**DIRECTIONS**
What's wanted is a faithful retyping of every entry, pictures excluded.

- Opening Delimiter -

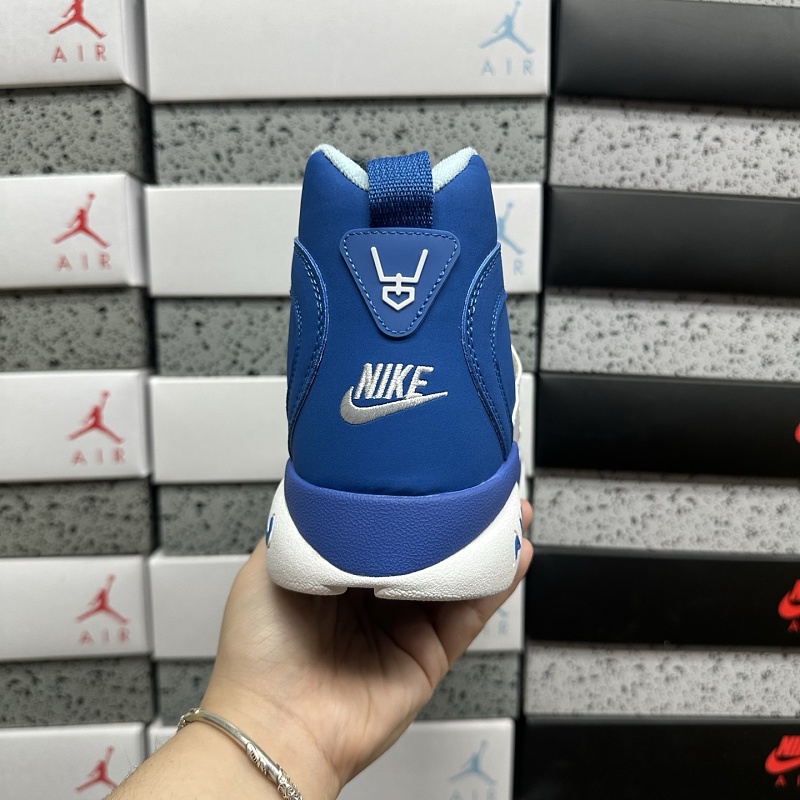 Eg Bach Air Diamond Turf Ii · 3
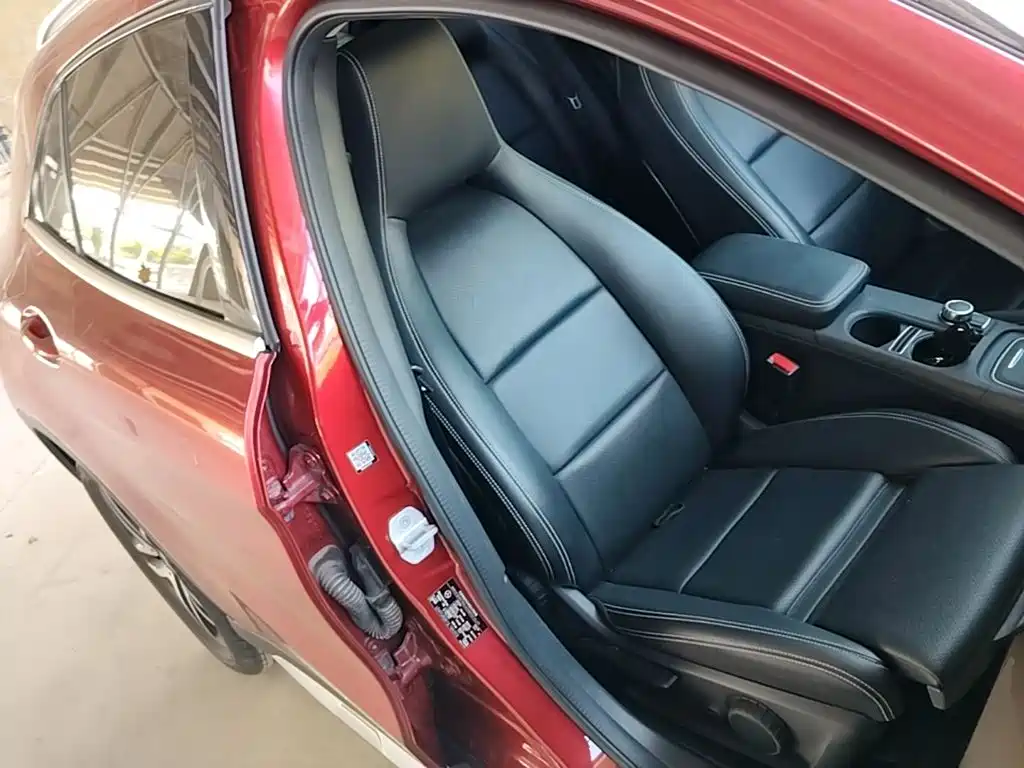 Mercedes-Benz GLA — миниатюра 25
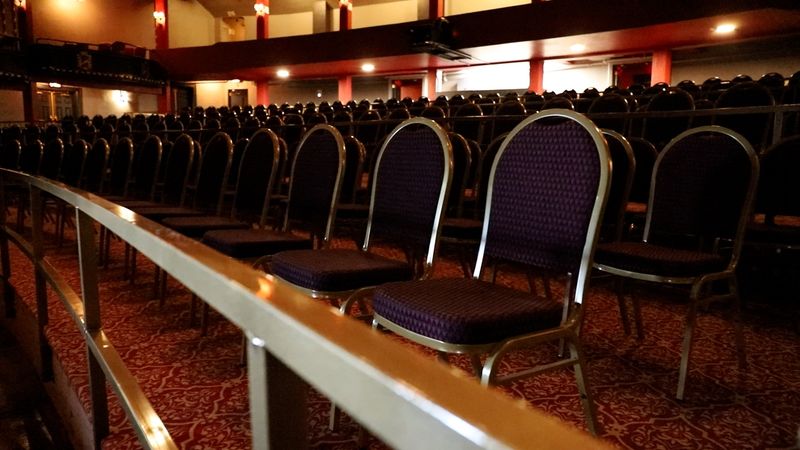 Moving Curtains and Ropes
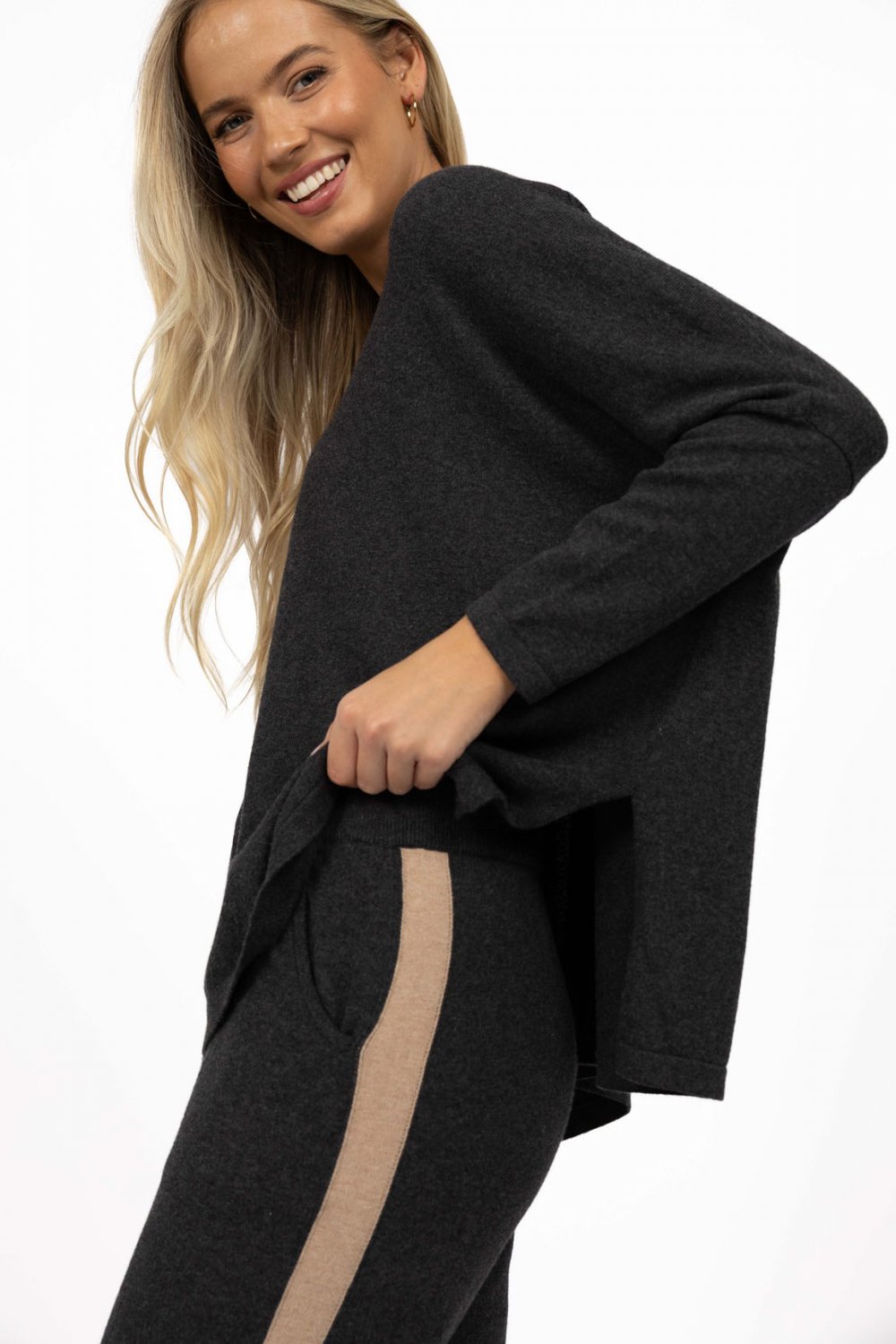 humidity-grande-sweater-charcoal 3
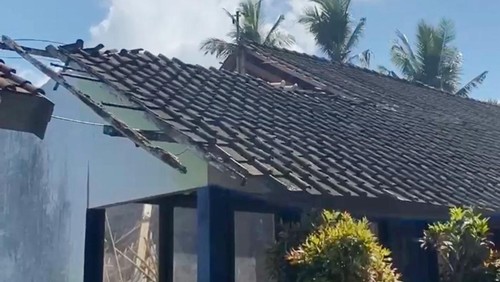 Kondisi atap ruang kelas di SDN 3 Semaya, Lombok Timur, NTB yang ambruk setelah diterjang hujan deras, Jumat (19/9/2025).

- Closing Delimiter -

**ANSWER BOX**
 Eg Bach Air Diamond Turf Ii · 3
 Mercedes-Benz GLA — миниатюра 25
 Moving Curtains and Ropes
 humidity-grande-sweater-charcoal 3
 Kondisi atap ruang kelas di SDN 3 Semaya, Lombok Timur, NTB yang ambruk setelah diterjang hujan deras, Jumat (19/9/2025).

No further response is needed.